But BYU also has 34,000 students. It is a well entrenched research institution in the “heart of the beast” if you will. There are a lot of cracks in which an 18 year old can slip through. Sports are a glorified professional institution, not a general participatory student experience.
SVU has something different. It has romance.
Personal attention that leads to academic exploration and opportunity. It has that. A community of young scholars who can participate in a DIII athletic team, that too. A first class choir? A student advisor who knows not just your name but your aspirations and dreams? Yes, they have that.
They call it the beauty of small. I have been there and they are right.
We woke Sunday morning having slept in the car at a highway rest stop. The night before we attempted to get a spot at Camp Joseph. I knocked on the door of a cabin and a confused gentleman explained it was after hours and reservations must be made in advance. He wished us luck and we drove off looking for an inconspicuous place to sleep. We were tired.

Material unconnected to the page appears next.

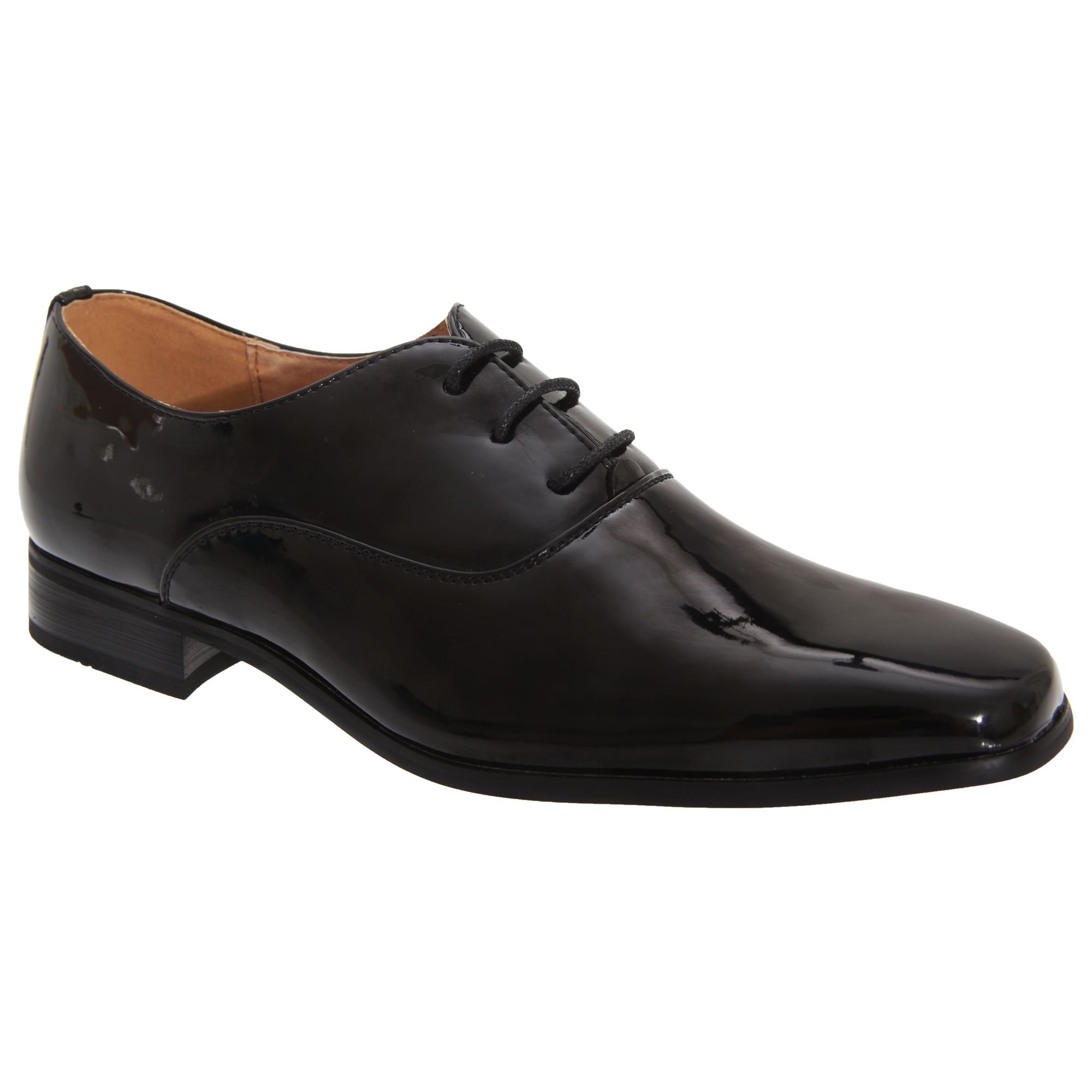 Goor Goor Men's Older Patent Leather Lace-Up Oxford Tie Dress Shoes in Black - 4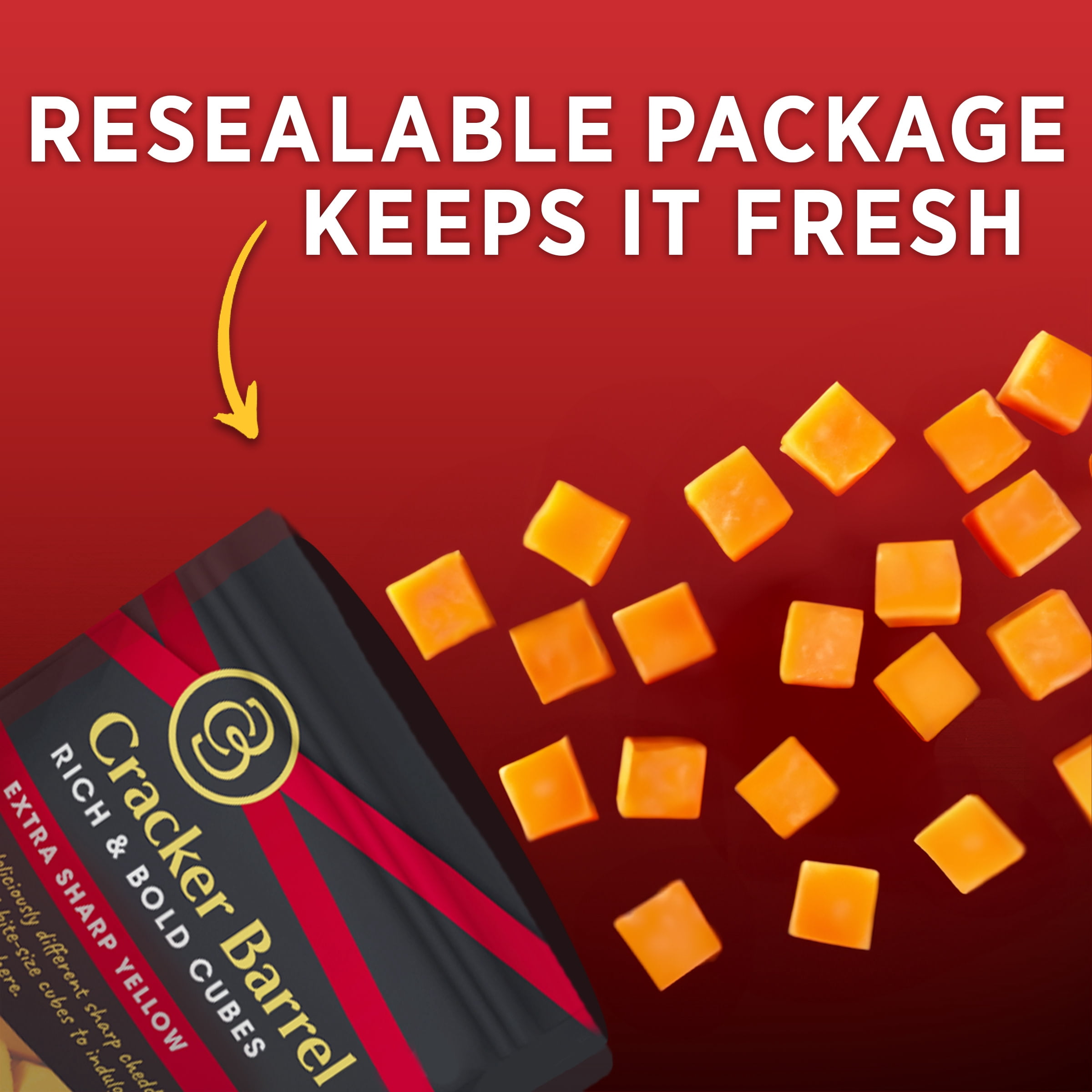 Cracker Barrel Rich & Bold Extra Sharp Yellow Cheddar Cheese Cubes, 6 oz Bag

This same man saw us parked in the church parking lot early the next morning. He strolled past, paused, then came back and inquired how we were. We said we were great. He asked where we spent the night. As Kaleo answered him, the man’s face fell. Kaleo ensured him we were fine, but the man entered the church building with newly slumped shoulders.
Having guessed at the start time of services, we arrived more than an hour early. This was fine with us, church wasn’t the only reason we were here.
Sharon Vermont is the birthplace of the prophet Joseph Smith. The Church of Jesus Christ of Latter-Day Saints has constructed a visitors center and a sort of memorial on the site of the Smith’s ancestral home. It wasn’t yet open that morning but a grey haired man wearing a missionary name tag, neck tie in hand, emerged from a side door as we crossed the lot.
With an honest smile he waved us over, fishing in his pocket for a set of keys. “Come on, come on. Let me open things up for you. I was headed to choir practice but I think they can wait a minute or two.” The man, without asking us our religious affiliation, pulled us in and commenced to giving us the tour complete with explanations of the roots of Mormonism. Half way through he paused and asked us how much we already knew about the church. Learning our answer he paused, chuckled a little, then launched right back into his explanations. The man was sincere, informative, and in an incredibly good mood for having opened up shop more than four hours early. After giving us the lay of the land, he headed off for choir practice, and we headed off into the woods.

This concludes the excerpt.